RAM FX6 newest innovation in tactical entry
Retired SWAT officer creates air-powered door ram
By Scott M. Bruner
PoliceOne Product Editor
With 12 years as a SWAT member and eight working vice and narcotics, Scott Chambers knows the importance of surprise when serving search warrants. He also knew of the severe hazards involved.
In January 2008, when his partner Detective Jarrod Shivers was killed while serving a warrant, he was reminded of the very real dangers. Shivers was hit by gunfire from inside the home he and Chambers had been attempting to enter. He realized then that the idea of a self-powered ram he'd been toying with might not only be helpful, it could save a life.
This summer, Chambers' company, Rapid Entry Solutions, is set to release the RAM FX6, an air-powered ram that can deliver 32,000 pounds of force – in addition to the force of the manual swing behind it.

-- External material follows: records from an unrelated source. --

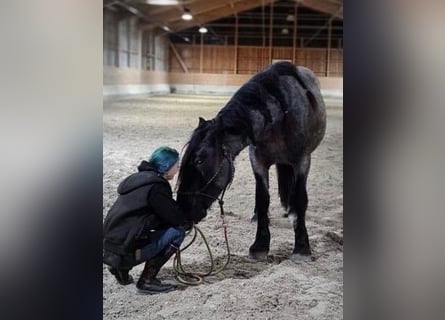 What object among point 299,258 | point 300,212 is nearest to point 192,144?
point 300,212

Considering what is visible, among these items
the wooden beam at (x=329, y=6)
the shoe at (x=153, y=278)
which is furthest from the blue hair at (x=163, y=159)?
the wooden beam at (x=329, y=6)

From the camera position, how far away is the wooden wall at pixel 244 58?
1.98 meters

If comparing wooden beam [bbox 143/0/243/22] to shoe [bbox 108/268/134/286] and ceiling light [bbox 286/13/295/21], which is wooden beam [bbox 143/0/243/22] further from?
shoe [bbox 108/268/134/286]


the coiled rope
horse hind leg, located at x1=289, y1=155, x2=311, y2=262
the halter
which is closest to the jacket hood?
the halter

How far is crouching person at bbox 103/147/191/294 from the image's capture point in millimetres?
1980

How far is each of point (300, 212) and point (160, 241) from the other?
54 cm

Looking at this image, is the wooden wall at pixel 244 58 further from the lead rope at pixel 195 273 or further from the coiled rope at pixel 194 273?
the coiled rope at pixel 194 273

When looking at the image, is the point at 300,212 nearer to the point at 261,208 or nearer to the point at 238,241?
the point at 261,208

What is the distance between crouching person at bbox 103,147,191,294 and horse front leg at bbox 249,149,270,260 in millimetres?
289

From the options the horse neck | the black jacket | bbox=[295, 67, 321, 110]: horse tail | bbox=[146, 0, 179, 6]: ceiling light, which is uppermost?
bbox=[146, 0, 179, 6]: ceiling light

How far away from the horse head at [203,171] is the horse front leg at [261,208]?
0.33 ft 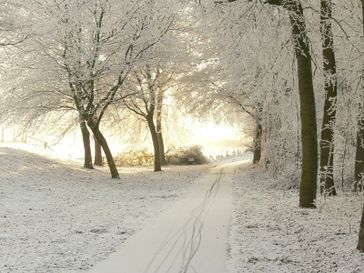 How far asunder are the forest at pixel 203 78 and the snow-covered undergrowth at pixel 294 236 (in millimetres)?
215

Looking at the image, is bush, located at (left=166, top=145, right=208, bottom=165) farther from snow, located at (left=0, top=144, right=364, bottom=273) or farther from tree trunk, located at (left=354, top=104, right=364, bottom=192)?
tree trunk, located at (left=354, top=104, right=364, bottom=192)

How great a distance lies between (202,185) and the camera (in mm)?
20562

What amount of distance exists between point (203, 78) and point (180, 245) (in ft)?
75.5

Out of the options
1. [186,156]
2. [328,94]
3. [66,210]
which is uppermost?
[328,94]

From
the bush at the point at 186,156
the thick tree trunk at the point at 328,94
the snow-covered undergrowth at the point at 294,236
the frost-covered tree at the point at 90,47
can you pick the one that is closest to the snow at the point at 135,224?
the snow-covered undergrowth at the point at 294,236

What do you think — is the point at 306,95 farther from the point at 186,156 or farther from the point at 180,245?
the point at 186,156

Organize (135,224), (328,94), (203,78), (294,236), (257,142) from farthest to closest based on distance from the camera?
1. (203,78)
2. (257,142)
3. (328,94)
4. (135,224)
5. (294,236)

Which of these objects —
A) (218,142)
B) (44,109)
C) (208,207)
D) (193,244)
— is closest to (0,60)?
(44,109)

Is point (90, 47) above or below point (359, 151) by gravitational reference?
above

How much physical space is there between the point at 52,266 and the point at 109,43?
51.0ft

The idea is to knock down doors on the first swing, without repeated attempts and without risking the dangers of explosive entries.
"I'd been conceptually developing it for 5-6 years," Chambers said. "I realized we needed some type of tool to bridge the gap between a manual ram and shotgun or explosion breaching."

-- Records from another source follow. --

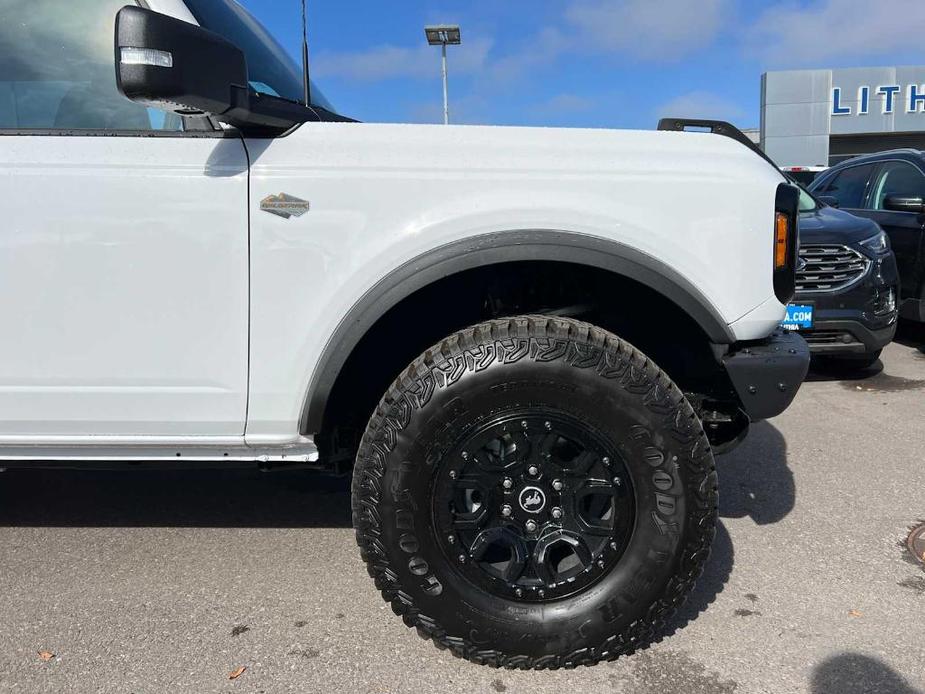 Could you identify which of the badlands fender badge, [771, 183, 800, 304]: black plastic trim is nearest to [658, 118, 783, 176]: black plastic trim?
[771, 183, 800, 304]: black plastic trim

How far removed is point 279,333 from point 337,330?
0.18 meters

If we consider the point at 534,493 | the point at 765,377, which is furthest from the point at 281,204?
the point at 765,377

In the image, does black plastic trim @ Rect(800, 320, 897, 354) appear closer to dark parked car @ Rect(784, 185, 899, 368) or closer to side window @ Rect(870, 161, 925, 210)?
dark parked car @ Rect(784, 185, 899, 368)

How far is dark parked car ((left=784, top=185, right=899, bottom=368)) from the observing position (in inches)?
196

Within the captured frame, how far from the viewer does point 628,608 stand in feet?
6.73

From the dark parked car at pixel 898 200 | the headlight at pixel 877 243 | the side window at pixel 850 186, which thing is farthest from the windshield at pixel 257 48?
the side window at pixel 850 186

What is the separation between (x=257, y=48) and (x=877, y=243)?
4.64 metres

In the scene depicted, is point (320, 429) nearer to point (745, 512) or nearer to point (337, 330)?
point (337, 330)

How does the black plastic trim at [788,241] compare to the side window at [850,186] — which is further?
the side window at [850,186]

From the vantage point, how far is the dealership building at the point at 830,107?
27281 millimetres

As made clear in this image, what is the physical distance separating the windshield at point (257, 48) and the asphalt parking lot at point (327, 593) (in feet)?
5.97

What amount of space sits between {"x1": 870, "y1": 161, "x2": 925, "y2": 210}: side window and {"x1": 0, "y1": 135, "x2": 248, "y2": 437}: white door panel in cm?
627

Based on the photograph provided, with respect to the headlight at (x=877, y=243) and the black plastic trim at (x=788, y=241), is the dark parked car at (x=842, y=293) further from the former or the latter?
the black plastic trim at (x=788, y=241)

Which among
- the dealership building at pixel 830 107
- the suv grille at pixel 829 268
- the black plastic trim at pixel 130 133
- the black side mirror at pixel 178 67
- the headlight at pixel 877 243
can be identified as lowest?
the suv grille at pixel 829 268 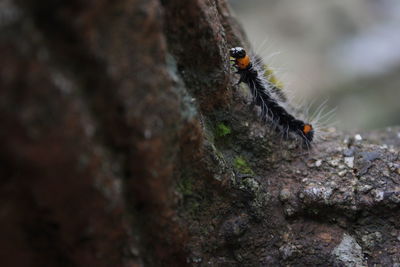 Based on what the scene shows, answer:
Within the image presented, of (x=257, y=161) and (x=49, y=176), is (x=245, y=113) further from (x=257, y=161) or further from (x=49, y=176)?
(x=49, y=176)

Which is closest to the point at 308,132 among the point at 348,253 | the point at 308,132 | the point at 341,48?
the point at 308,132

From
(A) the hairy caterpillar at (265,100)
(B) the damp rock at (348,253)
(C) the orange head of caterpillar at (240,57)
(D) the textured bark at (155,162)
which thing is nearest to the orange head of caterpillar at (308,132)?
(A) the hairy caterpillar at (265,100)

The FX6 RAM is designed to knock doors down in one powerful blow from the RAM – allowing SWAT and police officers to not lose any critical time during an entry.

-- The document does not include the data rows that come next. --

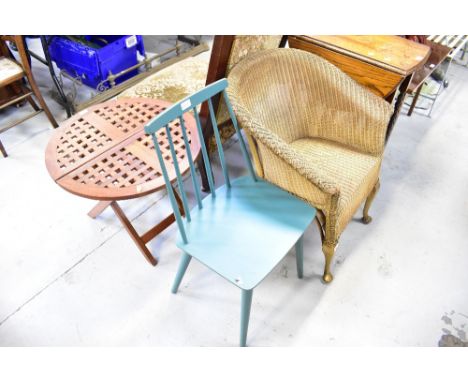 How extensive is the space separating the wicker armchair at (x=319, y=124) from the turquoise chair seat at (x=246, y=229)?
0.35ft

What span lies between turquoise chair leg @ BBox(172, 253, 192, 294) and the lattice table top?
341mm

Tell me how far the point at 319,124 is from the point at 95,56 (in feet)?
5.57

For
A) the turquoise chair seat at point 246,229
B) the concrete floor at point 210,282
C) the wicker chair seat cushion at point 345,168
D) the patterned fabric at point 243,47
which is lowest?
the concrete floor at point 210,282

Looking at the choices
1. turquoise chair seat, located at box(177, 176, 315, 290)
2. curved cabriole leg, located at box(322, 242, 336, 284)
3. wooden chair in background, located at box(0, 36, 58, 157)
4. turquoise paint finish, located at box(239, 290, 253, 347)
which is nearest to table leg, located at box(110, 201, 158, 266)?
turquoise chair seat, located at box(177, 176, 315, 290)

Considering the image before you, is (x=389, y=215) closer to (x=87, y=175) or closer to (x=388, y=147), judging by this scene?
(x=388, y=147)

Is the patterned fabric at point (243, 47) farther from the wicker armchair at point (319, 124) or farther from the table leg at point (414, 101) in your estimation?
the table leg at point (414, 101)

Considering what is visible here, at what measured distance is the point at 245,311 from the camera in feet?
5.16

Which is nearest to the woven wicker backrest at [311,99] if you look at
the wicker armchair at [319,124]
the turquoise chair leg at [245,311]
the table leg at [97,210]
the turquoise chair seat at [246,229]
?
the wicker armchair at [319,124]

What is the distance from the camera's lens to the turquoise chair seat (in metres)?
1.46

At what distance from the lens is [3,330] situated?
178 cm

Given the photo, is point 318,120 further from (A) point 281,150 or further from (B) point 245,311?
(B) point 245,311

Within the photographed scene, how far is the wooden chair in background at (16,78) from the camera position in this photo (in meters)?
2.37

"The idea behind this is to create a level playing field. Working with the RAM can knock a standard locking mechanism down about 98-99% of the time. It allows them to maintain the elements of surprise all the way through a warrant service," Chambers said
The RAM FX6 weighs 40 pounds, only 4 more than the standard, cement-filled cylinder used by SWAT forces. Chambers wanted to make the RAM as easy to use as the standard ram.
"The main goal was to keep the RAM as consistent with what teams are using now. There's not much change for the end user," Chambers said.
The cost of the FX6 is approximately $7,000. It's currently under testing by focus groups but is expected out no later than July of 2010. If initial indications are correct, it's likely to be a popular product. Chambers said in one week alone he's had 350-400 inquiries on the RAM.
Chambers, though will be happier to know that it might make his fellow officers' lives a little safer.